One way around this is to train the robot to consider counter-factuals across two possible futures: if it saves A, B dies and vice-versa. And, as in the trolley problem, it’s hard to agree on the answers. Such an approach involves the program computing two different futures. In one it potentially kills many children; in another it potentially kills its own passenger(s). Which action causes least harm? Is the harm a side-effect of doing something good?

Military systems do need hard-and-fast rules. But those rules could be programmed differently for different situations. In some situations, the AI could be programmed to minimise risks to itself and to its own soldiers and act defensively. In other situations, it could be programmed to act aggressively to cause as much damage as possible. The US defence department has conceptualised an “ethical governor” that trains drones not to strike targets if civilians are put at risk.

Different cultures impose different rules on citizens.

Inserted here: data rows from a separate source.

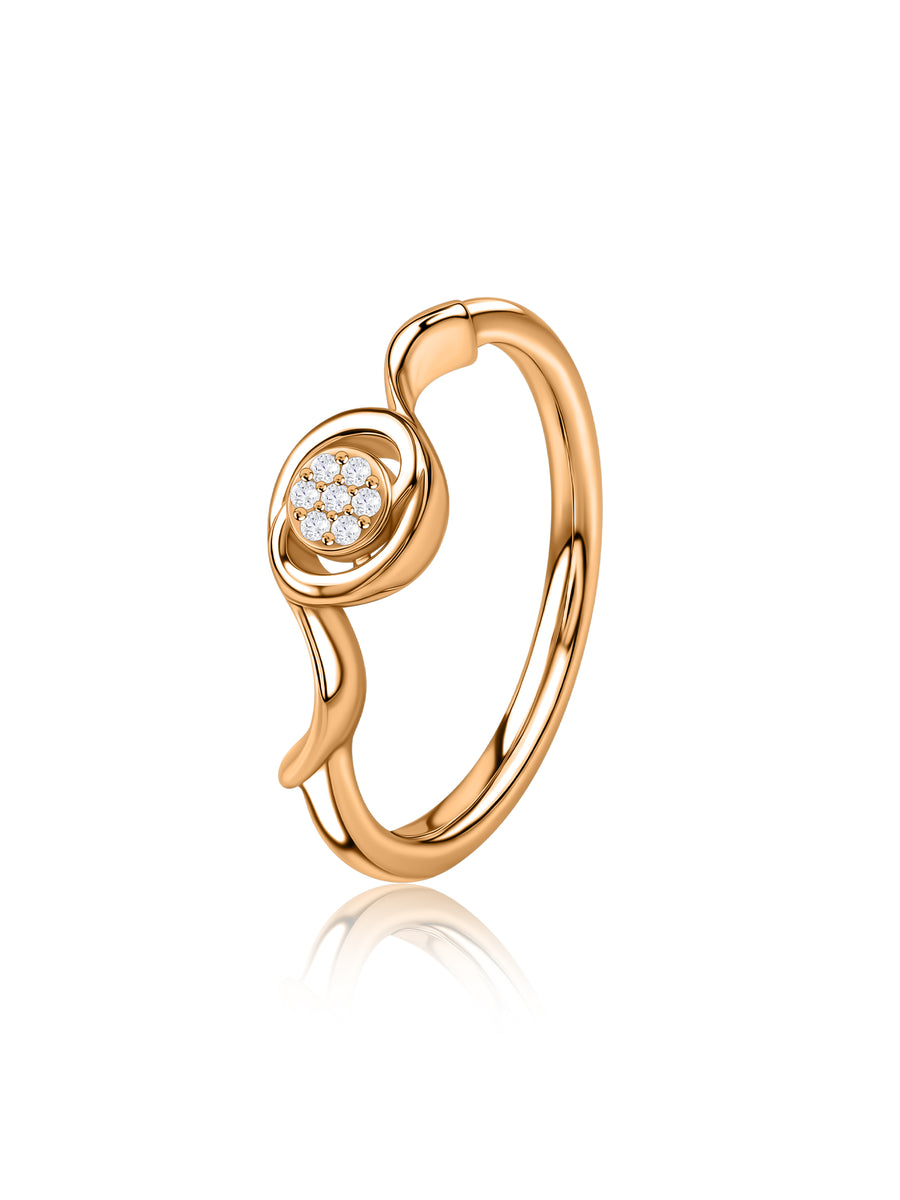 Round Center Lab Grown Diamond Vermeil Gold Ring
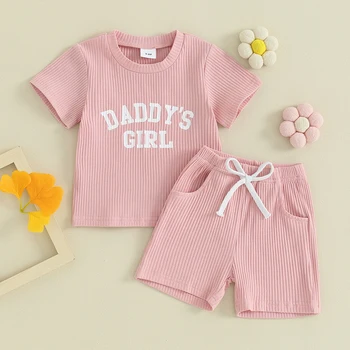 2 Adet Yenidoğan Bebek Kız Giysileri Babanın Kız Örme kısa kollu tişört Üstleri şort pantolon seti Toddler yaz kıyafetleri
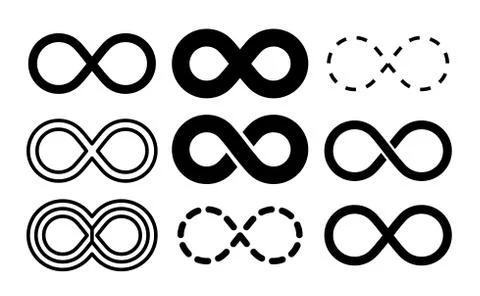 Infinity symbol. Mobius infinite arrow icon set. Endless thin linear image. V Stock Illustration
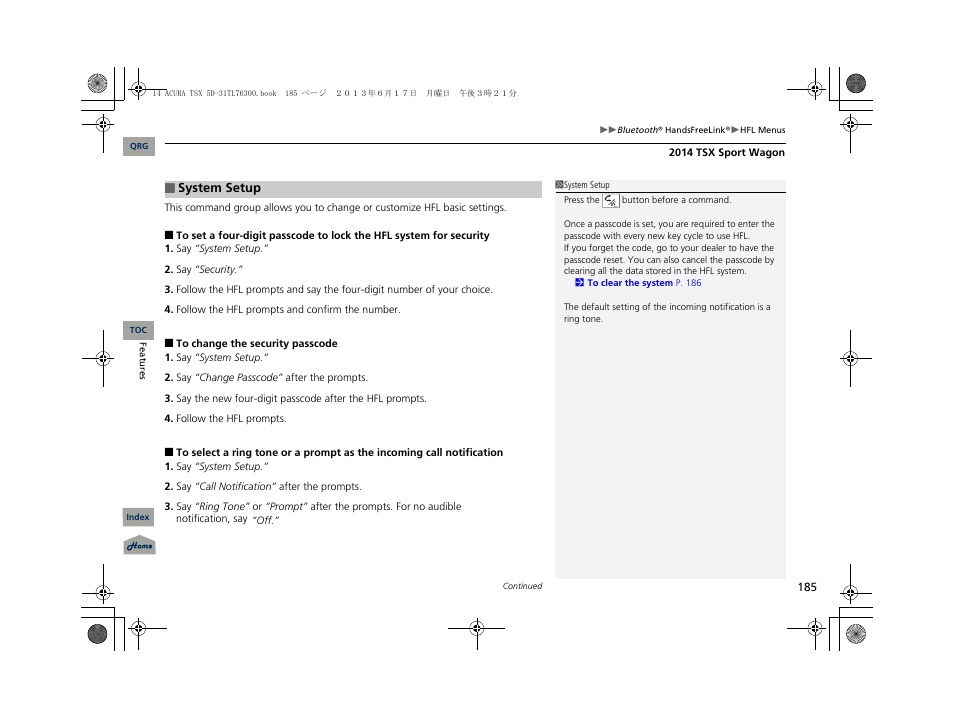 Acura 2014 TSX Sport Wagon - Owner's Manual User Manual | Page 186 / 331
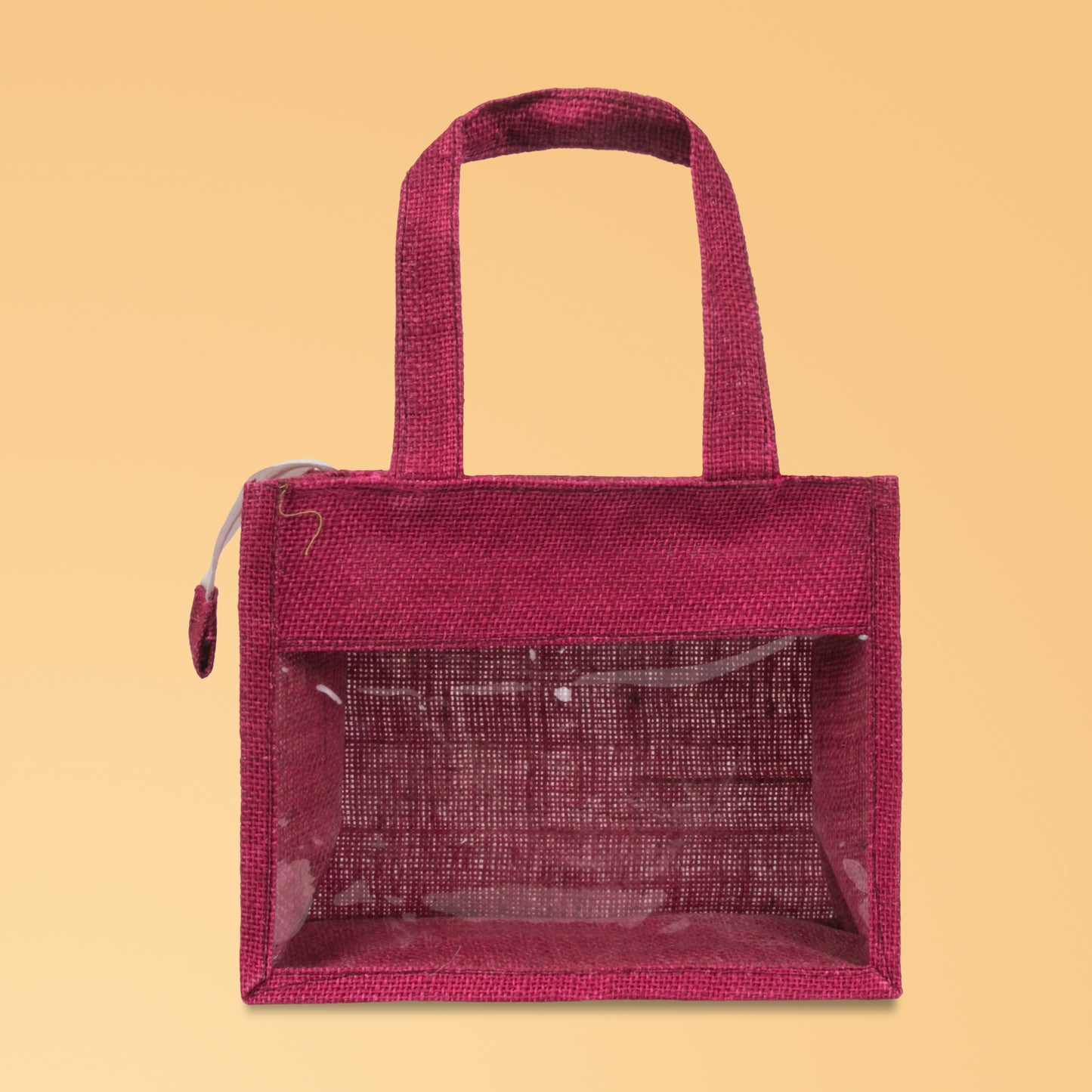 Window Jute Bag With Zip | Maroon | 10x8x5 Inch (Free Delivery)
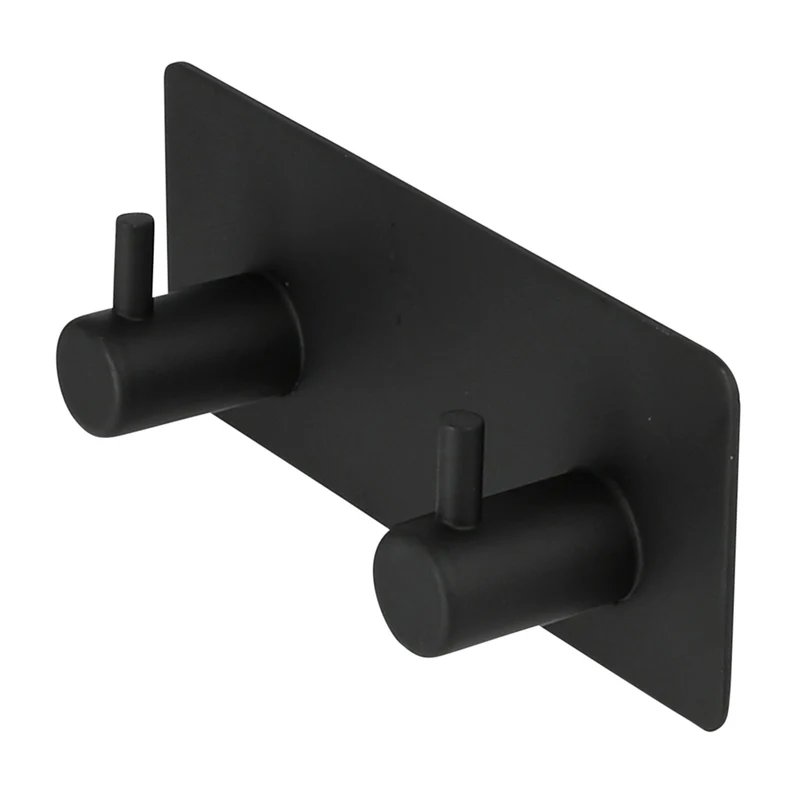 Doppelhaken Metall selbstklebend schwarz – Maße 11,5 x 4,5 x 3 cm, Farbe schwarz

Some cultures are rigidly rule-based — no chewing gum in public; no walking around with hair exposed; no alcohol; no gambling; no casual sex; no criticism of government, and so on. Other cultures work by delineating broader concepts like fundamental rights and allowing citizens more agency to do what they please so long as those rights are not violated. Both these approaches are being tried when it comes to programming machine ethics. We might eventually get more insights into managing human behaviours as we figure out how to make ethical machines.